Saula y Brandoni se llevaban 33 años, pero la diferencia de edad nunca fue un obstáculo. “El momento puntual fue en septiembre de 2013, en la fiesta que Claudio Segovia hizo en Pur Sang por sus 80 años… Beto me invitó para que me sumara a su mesa: ‘Vení a sentarte acá’”, recordó ella en una nota con La Nación. Desde aquella noche, comenzaron a verse y el vínculo se fue afianzando.
“Así nos conocimos, charlando en una mesa muy copada… Después, me invitó a una comida en su casa con Rafael Filippelli y su mujer Beatriz Sarlo. Y seguimos viéndonos. Al principio, fue raro: él era una persona más grande que yo, pero bueno… la vida”, relató Saula sobre los primeros encuentros.
Aunque compartieron más de una década juntos, nunca convivieron. Brandoni lo explicaba con naturalidad: “Tengo novia, sí. No convivimos porque ella tiene su hijo y cada uno tiene sus cosas, pero somos novios. Es muy lindo, sobre todo porque evitamos el desgaste de la convivencia. Entonces quedan el amor y el afecto, uno se extraña, se habla por teléfono varias veces al día. Sé cómo es su vida y ella cómo es la mía. Estamos muy felices”.
Con humor y ternura, el actor solía bromear sobre la vida de su pareja: “Ella tiene perros y ocho tortugas que no se oyen, salvo cuando copulan. Confieso que no tengo deudas en el amor”.
Una relación marcada por la complicidad y el afecto, que encontró su propio modo de funcionar y se mantuvo firme hasta el último día de Brandoni.
A qué se dedican Florencia y Micaela, las hijas de Luis Brandoni
La muerte de Luis Brandoni volvió a poner en foco su costado más íntimo, lejos de los escenarios y la política. En ese ámbito personal, sus hijas Florencia y Micaela, fruto de su matrimonio con Marta Bianchi, siempre ocuparon un lugar fundamental.
Ambas construyeron sus vidas con bajo perfil, apartadas de la exposición mediática que acompañó la carrera de sus padres. Florencia se dedicó al mundo académico y social: es licenciada en Psicología por la UBA, autora de un libro en su especialidad y mediadora. También ejerce como profesora e investigadora en la UNTREF y dicta clases en distintas universidades. Micaela, por su parte, incursionó en la actuación en los años ’80 y ’90, pero luego se volcó a la comunicación y las relaciones públicas. Trabajó más de una década en The Estée Lauder Companies, fundó su propia agencia de prensa y eventos, y más tarde abrió un nail spa en Buenos Aires.
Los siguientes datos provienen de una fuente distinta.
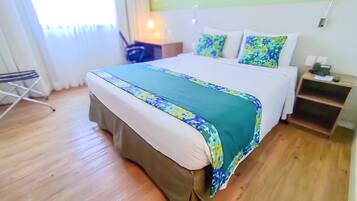 A hotel room with a bed, a bedside table, a lamp, and a chair.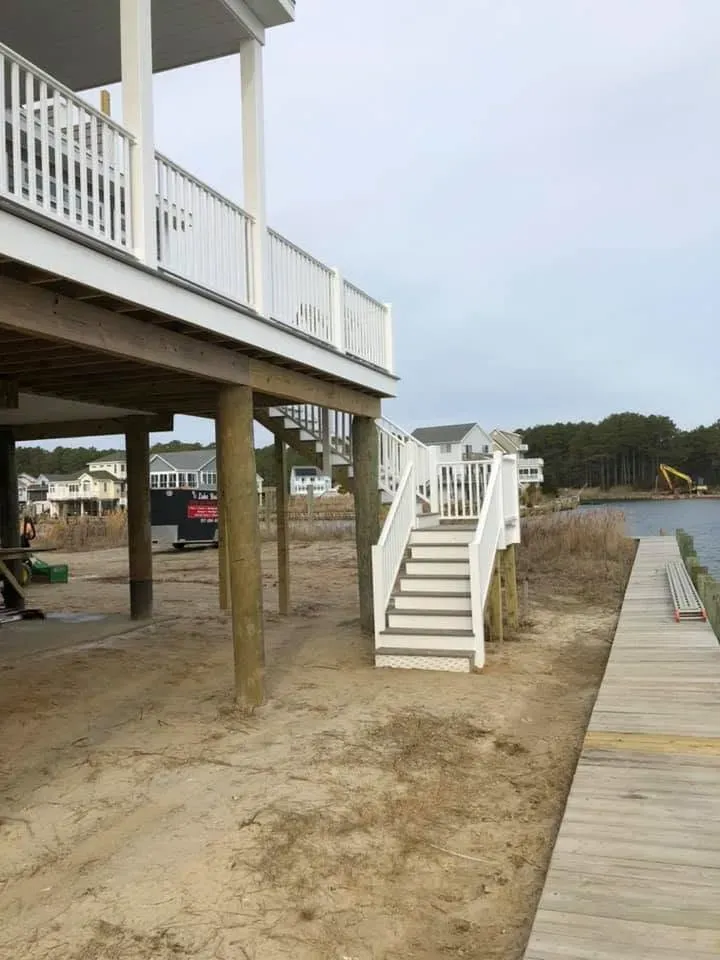 Exterior stairs and new boardwalk beside a raised home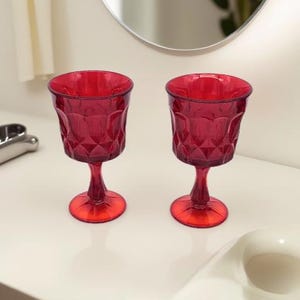 May include: Two red wine glasses with a diamond pattern. The glasses have a stem and a round base.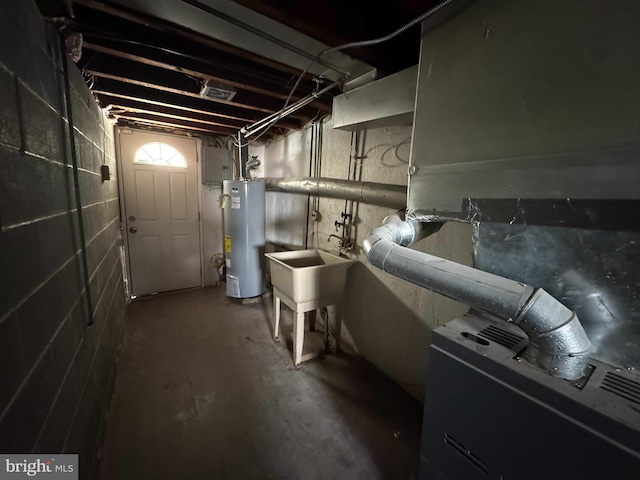6641 Gillespie St, Philadelphia, PA 19135 - unfinished basement with a sink and gas water heater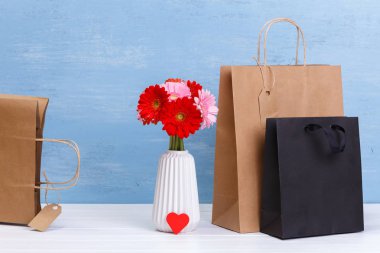 Mockup boş alışveriş torbaları. Gerbera çiçekleri.
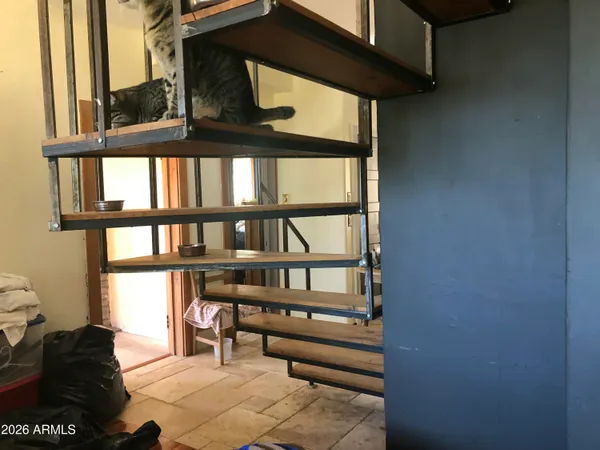 a view of a room that has a large window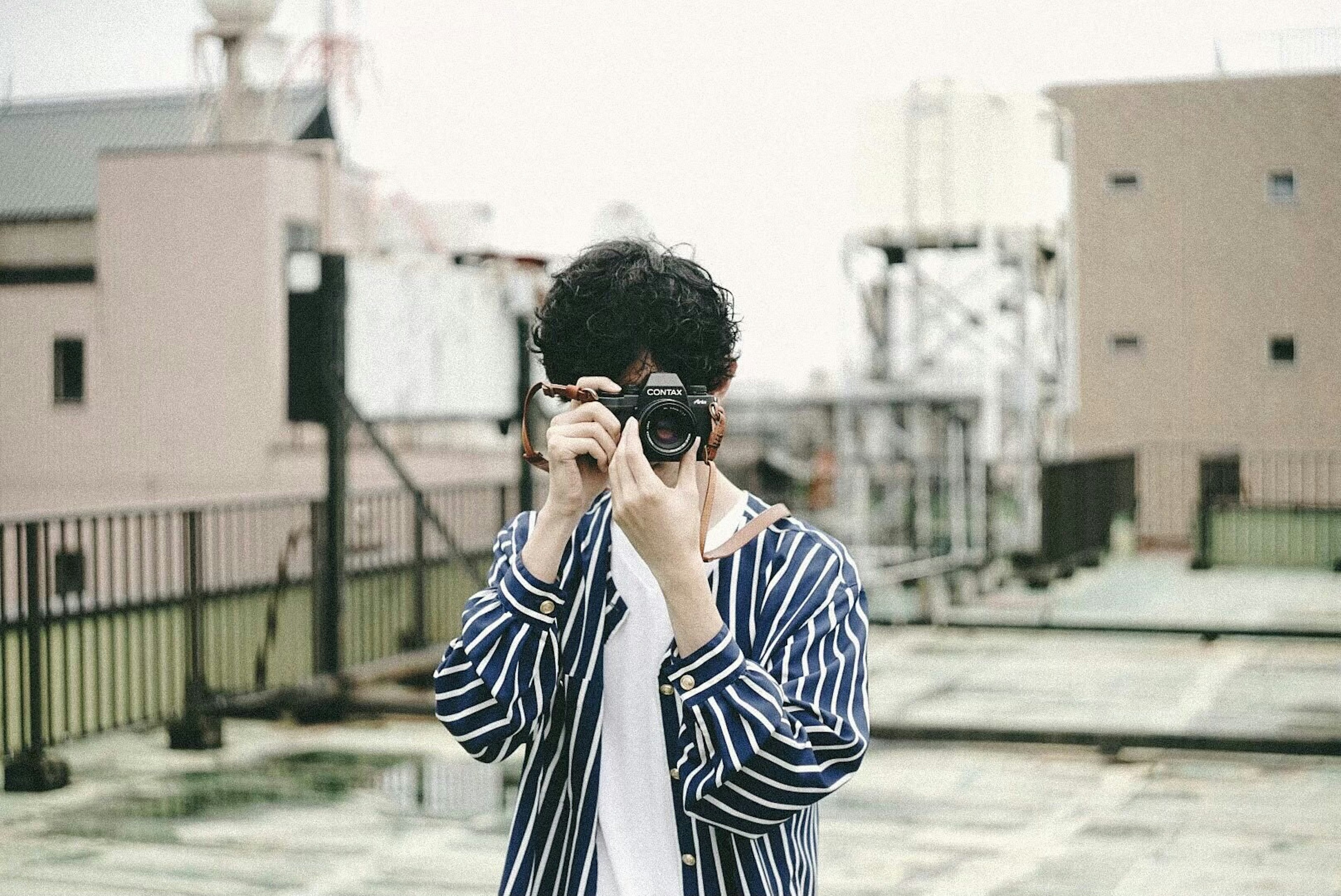 Young person holding a camera on a rooftop wearing a striped shirt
Durante más de tres décadas, Brandoni compartió su vida con Marta Bianchi, y de ese vínculo nacieron sus hijas, quienes lo acompañaron en diferentes etapas de su carrera y también en su vida personal. “Me casé muy joven, a los 23 años. Estuve 33 años con Marta, más cinco de novio, 38 años de mi vida, de modo que fue un gran amor y la consecuencia son mis hijas, mis nietos, los que me hacen sentir es que he pasado por esta vida”, recordaba en una entrevista con Alejandro Fantino.
Ese núcleo familiar se amplió con la llegada de sus nietos, Olivia, Catalina, Macarena y Tomás, quienes también fueron parte esencial de su cotidianeidad.
Así, Florencia y Micaela, con discreción pero presencia constante, se convirtieron en pilares de la vida del actor, el círculo íntimo que él mismo destacaba como lo más importante.